Mars One claims that much of the mission will be “built upon existing technologies”. In 2008 a study by two scientists at the Nasa Langley Research Centre concluded that to protect astronauts from solar radiation on their journey to Mars would require “revolutionary technology”.

“To be certain of protecting the crew,” says Professor Welch, “you would need active magnetic shielding to create something like the Earth’s protective magnetic field. Some scientific teams spent more than a decade trying to develop that – and didn’t manage it.”

For Professor Welch and many others, though, there is one big comfort: “I don’t think it will ever happen.”

The business model, he adds, is also flawed – because after the excitement of that first Mars landing, everyone would get bored with the TV show.

Private donations to the Mars One project currently total $759,816 – some way short of $6bn. The mysterious investment consortium might be waiting in the wings, but as Mr Lansdorp admits: “We don’t have any major corporate partners yet.”

“When sober minds look at it,” Professor Welch insists, “they will realise it is too risky an investment.”

That certainly seemed the verdict of Sydney Do, of Massachusetts Institute of Technology (MIT), who published a feasibility study in October of the first landing, and of follow-up missions transporting more colonists.

Donations to the Mars One project currently total 9,816 (Getty)
Donations to the Mars One project currently total 9,816 (Getty) (Getty Images)

“The cost explodes,” he warned. “With only 20 pioneers, you will need tens of billions of dollars every two years just to transport spare parts needed for equipment.”

Mr Lansdorp, though, is unperturbed. “It will be one of the biggest challenges humans have ever experienced. But I am convinced we can pull it off. I have never met an expert who didn’t believe our mission was feasible after 15 minutes of talking to me.”

And what of those unsustainable costs? They’re based on MIT assuming he would be running a Nasa-style “Battlestar Galactica” mission, he says, or that Nasa might send a whole new component when a tiny bolt breaks. His astronauts will be trained to take every component apart and rebuild it with a new bolt.

And not everyone would tire of Mars-mission TV. “If a soap opera like The Bold and the Beautiful has been keeping people interested since 1987, I am pretty sure a real mission to Mars can hold some people’s attention for a long time.
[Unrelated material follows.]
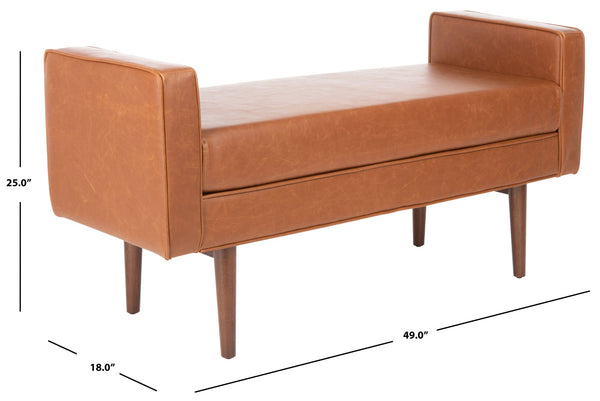 Safavieh Henri Midcentury Bench - Stylish Pu Leather Upholstered Seating For Entryway, Living Room, Bedroom BCH6303D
Remember, about 10 per cent of the world’s population are geeks.”

Instead of revolutionary technology, the crew would use their water supplies to create a 25cm-thick radiation shelter en route to Mars.

As for cabin fever: “I am convinced that the people on Mars will develop the means to construct things from local materials – maybe structures you could grow trees in, making it a bit like Earth.

“Maybe with 30 people on the planet, it would start to feel more like a village. And then, maybe, I will pack my bags and [take] my family.”

The would-be pioneers will have to choose who to believe: Mr Lansdorp or Professor Welch, who warns: “Make sure there’s a reasonable chance of living your life out on Mars, not dying in short order on TV – assuming anyone would be watching by then.”

Interplanetary peril: What could go wrong

Crash landing

The biggest craft landed successfully on Mars so far was Nasa’s Curiosity Rover in 2012, weighing 900kg. The Mars One lander’s human and equipment cargo alone will weigh 2,500kg. Co-founder Bas Lansdorp said: “We will be landing from 6km lower than Curiosity, so we will be going slower, meaning the required step-up in technology is about 66 per cent.”

Dying of thirst

The Phoenix Lander baked Martian rock to produce water in 2008, but only produced millilitres. It is estimated that four colonists and plants would need 27 litres a day to survive.

Micro-gravity en route

“Their bones and muscles will weaken. Without a strong exercise programme, they might arrive and not be strong enough to stand up,” said Professor Chris Welch.